WHAT IS REQUIRED:
Repeat the records in full and exactly, omitting pictures.

━━━━━━━━

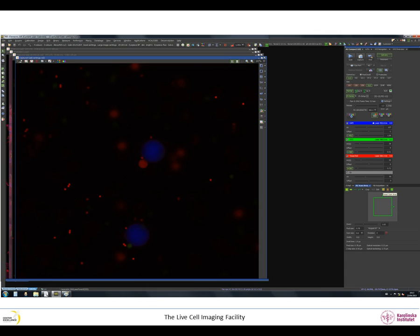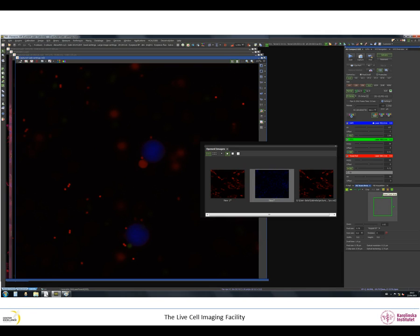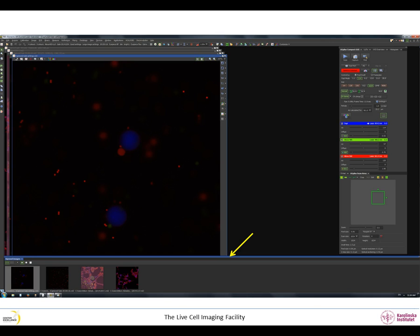If you want to add additional tabs to your layout, for example the tab Open Images, right click on the background of the NIS Elements and choose Visualization Controls and then Open Images. The Open Images tab will be displayed. Drag the tab to the right, left or bottom of the NIS Elements window until you see a purple bar. Release. The tab is now displayed at the location you've chosen and you can save it as an integrated part of your layout. You can in the same way add several other tabs.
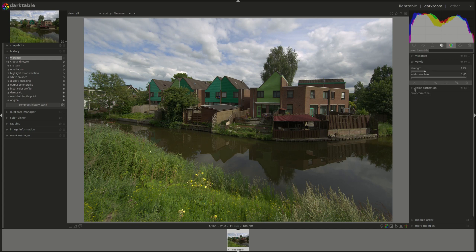Next, we have the Velvia module, which is named after films from Fujifilm. The Velvia module works on saturation as well, but it's almost the opposite of Vibrance. It gives more weight to black, white, and low-saturated pixels, and it does not affect the brightness.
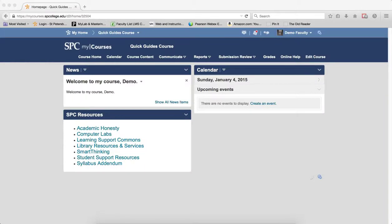Schemes organize student performance on grade items into levels of achievement such as letter grades, grade points, or even text like below expectations, meets expectations, exceeds expectations. You can add a new grade scheme and change the default scheme any time.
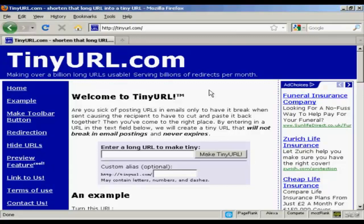In this video I'm going to show you how to cloak an affiliate link using TinyURL. TinyURL is a free redirecting service which will make a very long URL into quite a small one, and it's very handy for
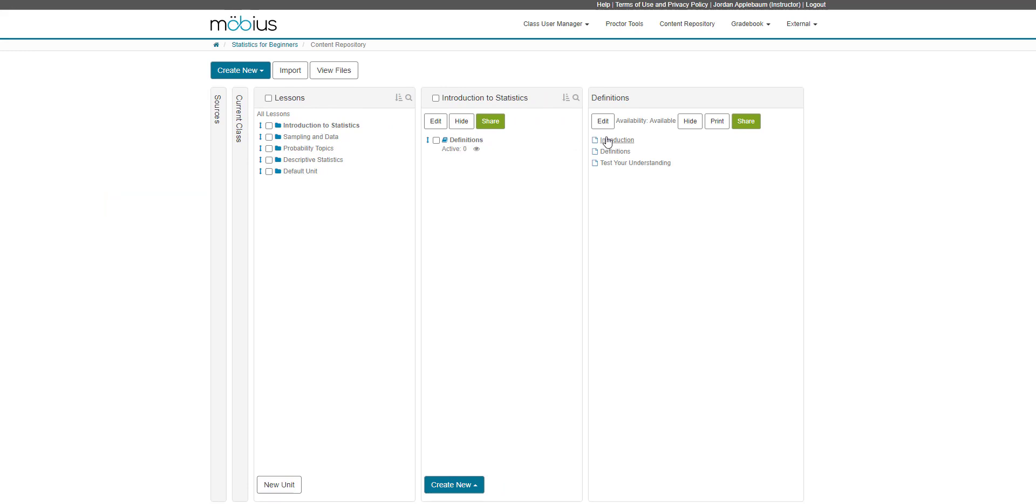And here you can view the content and pages that I have created for this lesson. And that's how you create a new lesson in Mobius.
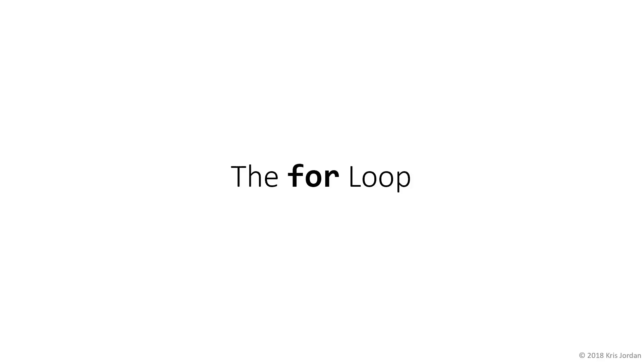The for loop is a looping statement like the while loop that allows you to repeat a block of code many times. In fact, it's a special case of a very common pattern that we've seen with the while loop. Let's take a look at that pattern first and then we'll explain the for loop in terms of it.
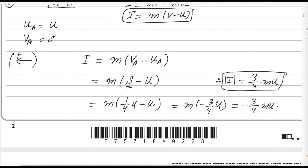So the magnitude of the impulse is 3MU/4 — the negative sign only indicates direction. That is the answer for part 2 of question 1. If you have any questions or doubts, please write in the comment box. Thank you.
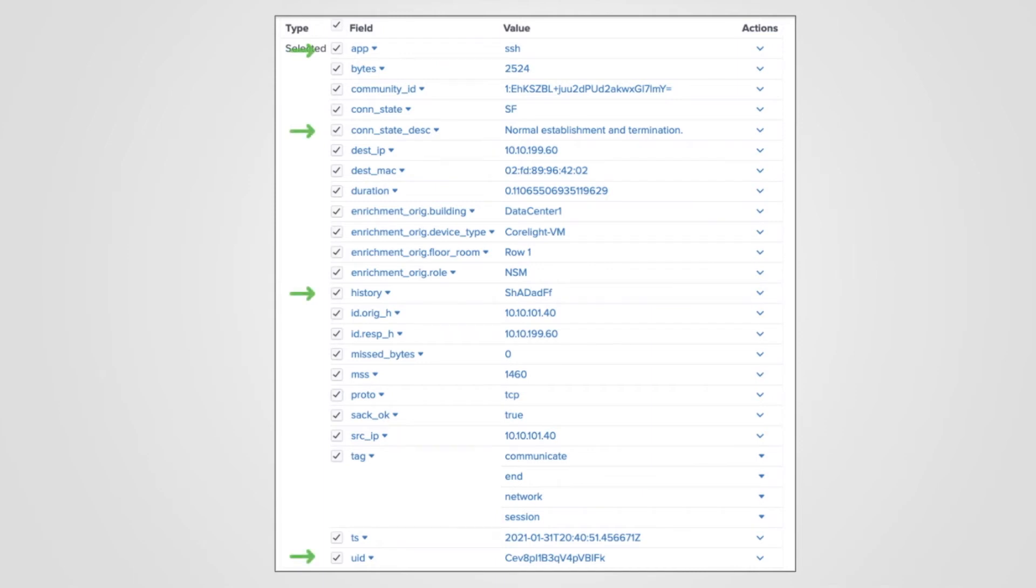In this video, we will introduce Community ID and Maximum Segment Size or MSS. These fields are added via scripts or packages. Stay tuned for a follow-on video on those topics. Lastly, this arrow highlights the Splunk data models that map to this connection.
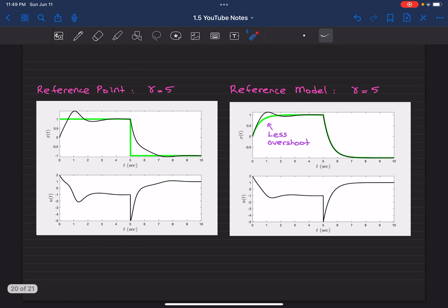All right, so here left: reference point based adaptive control design when gamma equals 5, and right: when gamma equals 5 reference model based design. If you compare these two figures, the magnitude of the control signals and their behavior are more or less the same.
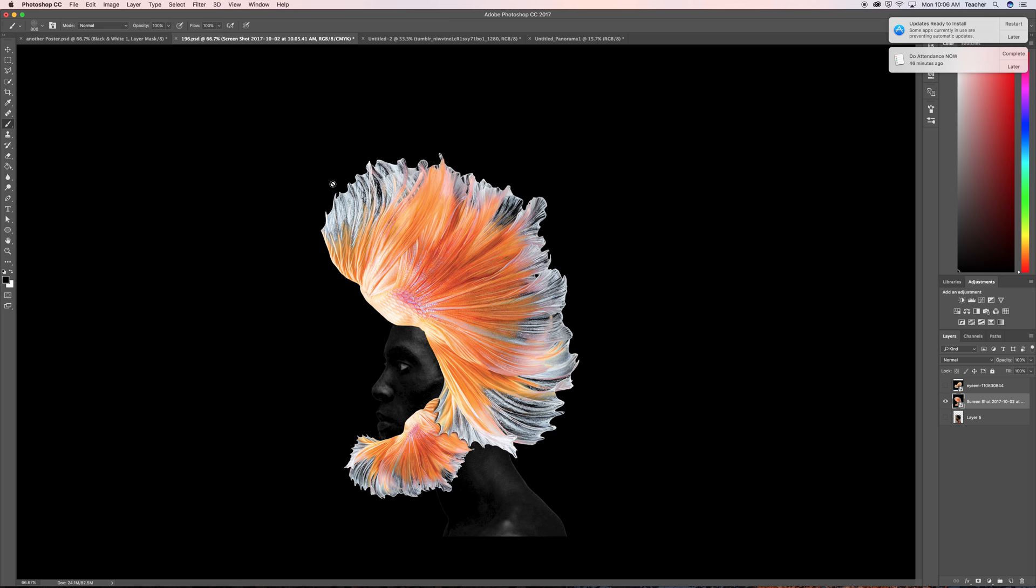How to make this poster right here. This was poster 196. I'm currently doing the poster a day for the next year and I have about 160 something left to go. So this is a poster I made last week and I'm going to show you guys how to do it.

━━━━━━━━

TASK RESULT:
If you want to add additional tabs to your layout, for example the tab Open Images, right click on the background of the NIS Elements and choose Visualization Controls and then Open Images. The Open Images tab will be displayed. Drag the tab to the right, left or bottom of the NIS Elements window until you see a purple bar. Release. The tab is now displayed at the location you've chosen and you can save it as an integrated part of your layout. You can in the same way add several other tabs.
Next, we have the Velvia module, which is named after films from Fujifilm. The Velvia module works on saturation as well, but it's almost the opposite of Vibrance. It gives more weight to black, white, and low-saturated pixels, and it does not affect the brightness.
Schemes organize student performance on grade items into levels of achievement such as letter grades, grade points, or even text like below expectations, meets expectations, exceeds expectations. You can add a new grade scheme and change the default scheme any time.
In this video I'm going to show you how to cloak an affiliate link using TinyURL. TinyURL is a free redirecting service which will make a very long URL into quite a small one, and it's very handy for
And here you can view the content and pages that I have created for this lesson. And that's how you create a new lesson in Mobius.
The for loop is a looping statement like the while loop that allows you to repeat a block of code many times. In fact, it's a special case of a very common pattern that we've seen with the while loop. Let's take a look at that pattern first and then we'll explain the for loop in terms of it.
So the magnitude of the impulse is 3MU/4 — the negative sign only indicates direction. That is the answer for part 2 of question 1. If you have any questions or doubts, please write in the comment box. Thank you.
In this video, we will introduce Community ID and Maximum Segment Size or MSS. These fields are added via scripts or packages. Stay tuned for a follow-on video on those topics. Lastly, this arrow highlights the Splunk data models that map to this connection.
All right, so here left: reference point based adaptive control design when gamma equals 5, and right: when gamma equals 5 reference model based design. If you compare these two figures, the magnitude of the control signals and their behavior are more or less the same.
How to make this poster right here. This was poster 196. I'm currently doing the poster a day for the next year and I have about 160 something left to go. So this is a poster I made last week and I'm going to show you guys how to do it.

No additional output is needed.